Früher stand die Skulptur in Friedrichshain

Lenins Oberlippenbart wird nicht ergänzt, das fehlende Stück am Ohr nicht nachgebildet. Der Kopf werde konserviert, aber nicht restauriert, sagt Andrea Theissen. Bleiben werden auch die vier Schrauben, die aus dem Schädel ragen. Sie wurden 1991 angebracht, bei der Demontage der Skulptur, die einst in Friedrichshain stand. Der 1,70 Meter hohe Granitkopf sei kein Denkmal, sondern ein Ausgrabungsfund, sagt Theissen. So wie er gefunden wurde – auf der Seite liegend – wird er ausgestellt. Die gesamte Bergung ist von einer Drohne gefilmt worden. Dieser Film wird in der Ausstellung gezeigt.

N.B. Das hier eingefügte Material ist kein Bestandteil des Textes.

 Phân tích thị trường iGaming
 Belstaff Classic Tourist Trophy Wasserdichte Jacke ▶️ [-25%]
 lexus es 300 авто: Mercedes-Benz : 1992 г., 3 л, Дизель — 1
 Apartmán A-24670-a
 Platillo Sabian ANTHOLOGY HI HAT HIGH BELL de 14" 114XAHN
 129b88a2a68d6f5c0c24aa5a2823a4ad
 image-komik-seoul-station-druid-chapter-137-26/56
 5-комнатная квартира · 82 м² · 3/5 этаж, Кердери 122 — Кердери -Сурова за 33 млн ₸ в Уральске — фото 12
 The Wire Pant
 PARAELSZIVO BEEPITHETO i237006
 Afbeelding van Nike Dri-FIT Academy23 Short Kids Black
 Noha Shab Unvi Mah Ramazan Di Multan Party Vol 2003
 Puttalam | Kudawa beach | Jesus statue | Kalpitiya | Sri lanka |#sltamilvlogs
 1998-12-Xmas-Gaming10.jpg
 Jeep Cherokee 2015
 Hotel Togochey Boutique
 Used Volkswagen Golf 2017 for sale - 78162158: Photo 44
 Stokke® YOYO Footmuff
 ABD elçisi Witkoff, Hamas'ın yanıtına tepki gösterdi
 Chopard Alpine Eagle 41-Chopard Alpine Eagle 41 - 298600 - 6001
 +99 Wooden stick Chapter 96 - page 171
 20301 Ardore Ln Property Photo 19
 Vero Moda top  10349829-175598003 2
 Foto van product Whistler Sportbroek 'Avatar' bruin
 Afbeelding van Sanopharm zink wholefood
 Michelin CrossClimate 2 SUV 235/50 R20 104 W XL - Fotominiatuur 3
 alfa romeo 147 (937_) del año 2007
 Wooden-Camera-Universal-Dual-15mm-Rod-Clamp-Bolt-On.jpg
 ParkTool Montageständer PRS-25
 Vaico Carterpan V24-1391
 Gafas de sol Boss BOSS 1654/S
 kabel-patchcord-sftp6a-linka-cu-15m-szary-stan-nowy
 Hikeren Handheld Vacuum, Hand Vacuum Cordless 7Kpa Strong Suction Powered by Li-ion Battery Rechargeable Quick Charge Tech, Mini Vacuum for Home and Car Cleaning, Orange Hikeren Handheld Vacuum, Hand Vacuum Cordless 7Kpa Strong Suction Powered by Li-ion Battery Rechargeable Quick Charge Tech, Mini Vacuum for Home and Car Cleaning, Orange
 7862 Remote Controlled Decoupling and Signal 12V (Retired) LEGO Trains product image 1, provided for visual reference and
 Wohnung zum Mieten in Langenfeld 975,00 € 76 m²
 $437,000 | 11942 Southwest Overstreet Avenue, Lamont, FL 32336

Wichtige andere Objekte sind das Marmordenkmal von Friedrich Wilhelm III., das einst im Tiergarten stand und durch eine Betonfigur ersetzt wurde. Das Original wird auf der Zitadelle zu sehen sein. „Es ist auf Anregung der Bürgerschaft entstanden, die dem König danken wollte“, sagt Kunstamtsleiterin Theissen. Aus der Zeit der Weimarer Republik stammt ein Denkmal für die im Ersten Weltkrieg gefallenen Eisenbahner. Sie stand einst vor dem Hamburger Bahnhof und kam, im Zuge des Umbaus zum Museum, ins Depot. In der Ausstellung wird auch eine digitale Denkmalkarte aufgebaut, die 600 Objekte in der gesamten Stadt zeigen kann. Die Ausstellung sei gründlich vorbereitet worden und werde „zu einer Attraktion weit über Spandau und über Berlin hinaus“, sagt Andreas Nachama, Mitglied im Beirat zur Ausstellung und geschäftsführender Direktor der Stiftung Topografie des Terrors.
Als Eröffnungsdatum geben Theissen und Hanke Frühjahr 2016 an. Mehrmals schon musste der Ausstellungsbeginn verschoben werden. Weil die Sanierung des alten Proviantmagazins komplizierter war als vermutet. Der Estrich müsse noch aufgebracht werden, sagt die Kunstamtsleiterin. Doch die Konzeption der Ausstellung ist fertig. „Wir warten auf das Startzeichen der Bauleute.“ In dem Gebäude mit fast neun Meter hohen Räumen werden etwa 100 Denkmale stehen. Weitere 50 Denkmale in einer Kaserne, die außerdem Dokumente und Entwürfe für die Skulpturen zeigt. Das gesamte Vorhaben wird mit EU-Mitteln und Geld der Lotto-Stiftung finanziert. Es kostet etwa 14 Millionen Euro.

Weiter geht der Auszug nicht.